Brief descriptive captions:
*** Block opens ***
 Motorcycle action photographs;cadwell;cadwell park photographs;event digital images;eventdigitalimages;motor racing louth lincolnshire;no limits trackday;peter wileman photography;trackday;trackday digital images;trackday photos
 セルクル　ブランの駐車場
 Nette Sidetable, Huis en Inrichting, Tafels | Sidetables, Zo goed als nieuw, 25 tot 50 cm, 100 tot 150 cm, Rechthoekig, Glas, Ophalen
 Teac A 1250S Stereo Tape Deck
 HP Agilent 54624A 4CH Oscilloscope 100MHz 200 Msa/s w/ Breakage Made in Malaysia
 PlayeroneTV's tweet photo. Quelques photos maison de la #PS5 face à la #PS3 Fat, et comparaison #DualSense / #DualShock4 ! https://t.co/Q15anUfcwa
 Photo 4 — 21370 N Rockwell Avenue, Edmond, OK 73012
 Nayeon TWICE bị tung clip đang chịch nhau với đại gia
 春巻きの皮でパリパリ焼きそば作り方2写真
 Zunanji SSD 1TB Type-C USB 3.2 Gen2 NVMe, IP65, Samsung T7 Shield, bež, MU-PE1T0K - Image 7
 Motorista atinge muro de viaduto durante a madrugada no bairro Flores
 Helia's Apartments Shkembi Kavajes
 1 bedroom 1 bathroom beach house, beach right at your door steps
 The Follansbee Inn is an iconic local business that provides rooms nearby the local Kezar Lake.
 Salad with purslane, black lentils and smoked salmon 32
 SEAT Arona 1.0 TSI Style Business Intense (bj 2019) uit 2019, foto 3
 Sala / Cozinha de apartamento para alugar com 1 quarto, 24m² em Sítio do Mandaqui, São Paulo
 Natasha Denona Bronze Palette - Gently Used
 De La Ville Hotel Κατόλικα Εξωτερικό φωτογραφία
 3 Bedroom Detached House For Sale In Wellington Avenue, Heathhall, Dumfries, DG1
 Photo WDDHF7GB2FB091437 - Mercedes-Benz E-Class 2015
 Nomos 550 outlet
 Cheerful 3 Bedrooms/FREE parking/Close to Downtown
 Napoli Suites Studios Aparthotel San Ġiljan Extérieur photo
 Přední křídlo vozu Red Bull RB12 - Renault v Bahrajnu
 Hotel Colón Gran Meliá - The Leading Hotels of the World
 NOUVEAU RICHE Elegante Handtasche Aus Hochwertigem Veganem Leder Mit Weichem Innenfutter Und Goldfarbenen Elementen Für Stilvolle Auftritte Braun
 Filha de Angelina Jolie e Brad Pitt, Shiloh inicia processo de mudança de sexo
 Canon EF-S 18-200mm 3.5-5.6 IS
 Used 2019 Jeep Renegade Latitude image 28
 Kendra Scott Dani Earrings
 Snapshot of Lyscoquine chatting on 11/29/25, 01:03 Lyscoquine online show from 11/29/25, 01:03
*** Block closes ***
**Work task**.
Set apart and copy each line of the records that holds the word "Used".

**Solution to this task**.
 Natasha Denona Bronze Palette - Gently Used
 Used 2019 Jeep Renegade Latitude image 28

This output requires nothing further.